Think of it. Like the voice, silence is communication in different registers: deep, (as in serious depression or catatonic schizophrenia or profound grief); middle, (as in the silence we use so another person can speak and we can listen); high, (as in the silence we try to use when we bite our tongue not to say something or when we clamp our lips together trying not to burst out laughing).
And like the voice, silence has a timbre or quality to it. It can be peaceful, reflective, restful, angry, fearful, stubborn, resistant, and so forth.
There are times when a minister meets with some troubled person at their request and the person says nothing. Communication takes place by other means. They may sit wringing their hands, or looking hopefully at the minister, or just staring down at the floor. There is a silence boundary between minister and visitor.
For many people in helping relationships, ministers, therapists, and counselors, silence at such times is uncomfortable for them. It makes them anxious because they are, after all, there to help…so let’s get started. Typically, they will try and bridge the silence by speaking, or by asking a question or in some other way, inviting, even prodding, the visitor to speak.
But in communication, silence is very important, both for its length and for its quality. But a minister who stays silent may communicate anxiety or confusion about what to say or whether to say anything at all.
The point is that silence is a powerful way of communicating between people – some married people, for example, give their spouses the ‘silent treatment’ as a way of signaling displeasure or as a way of exerting control in the relationship.

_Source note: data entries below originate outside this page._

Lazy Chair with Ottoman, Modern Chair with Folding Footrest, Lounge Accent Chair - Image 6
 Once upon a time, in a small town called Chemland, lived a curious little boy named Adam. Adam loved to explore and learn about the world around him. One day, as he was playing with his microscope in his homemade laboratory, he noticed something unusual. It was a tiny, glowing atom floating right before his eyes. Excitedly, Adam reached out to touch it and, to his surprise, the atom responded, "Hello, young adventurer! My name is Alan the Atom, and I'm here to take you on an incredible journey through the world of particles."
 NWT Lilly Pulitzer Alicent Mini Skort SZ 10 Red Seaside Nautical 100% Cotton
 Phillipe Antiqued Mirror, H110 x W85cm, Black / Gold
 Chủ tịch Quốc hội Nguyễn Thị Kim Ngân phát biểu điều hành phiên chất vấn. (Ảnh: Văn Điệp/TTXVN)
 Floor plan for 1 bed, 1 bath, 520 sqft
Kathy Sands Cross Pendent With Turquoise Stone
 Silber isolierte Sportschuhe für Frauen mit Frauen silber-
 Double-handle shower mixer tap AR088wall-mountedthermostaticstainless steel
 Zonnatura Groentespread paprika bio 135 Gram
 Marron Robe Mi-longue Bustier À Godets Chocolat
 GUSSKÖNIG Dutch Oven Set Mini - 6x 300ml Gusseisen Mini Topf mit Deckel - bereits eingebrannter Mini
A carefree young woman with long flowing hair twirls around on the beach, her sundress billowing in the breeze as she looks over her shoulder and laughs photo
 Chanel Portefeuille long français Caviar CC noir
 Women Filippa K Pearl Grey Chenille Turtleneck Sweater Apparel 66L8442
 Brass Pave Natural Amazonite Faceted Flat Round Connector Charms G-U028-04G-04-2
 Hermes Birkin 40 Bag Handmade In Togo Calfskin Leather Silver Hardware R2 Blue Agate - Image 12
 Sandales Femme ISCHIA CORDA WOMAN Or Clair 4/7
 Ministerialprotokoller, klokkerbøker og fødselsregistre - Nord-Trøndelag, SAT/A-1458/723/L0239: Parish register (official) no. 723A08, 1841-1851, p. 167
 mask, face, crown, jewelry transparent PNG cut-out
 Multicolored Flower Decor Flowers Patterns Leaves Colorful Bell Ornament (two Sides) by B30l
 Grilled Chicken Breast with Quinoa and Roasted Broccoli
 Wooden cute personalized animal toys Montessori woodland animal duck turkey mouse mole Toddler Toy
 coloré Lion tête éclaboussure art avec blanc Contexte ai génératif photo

Adolescents can be genuinely tongue-tied and inarticulate in a one-on-one interview with an adult authority.
But the minister is in charge of the meeting and has to have a way of dealing with silence – his own and the other person’s.
Recognizing that silence is a certain kind of communication boundary between the minister and the visitor, the minister’s silence should almost always attempt to convey respect – the willingness to give the visitor time and space to organize their thinking and feelings.
(There are other reasons for the minister to be silent. For example, there are times when the minister should be non-supportive of the visitor, and silence is the way to achieve that non-supportiveness).
But if a silence goes on too long, either the minister or the visitor, or both, may become anxious or otherwise stressed.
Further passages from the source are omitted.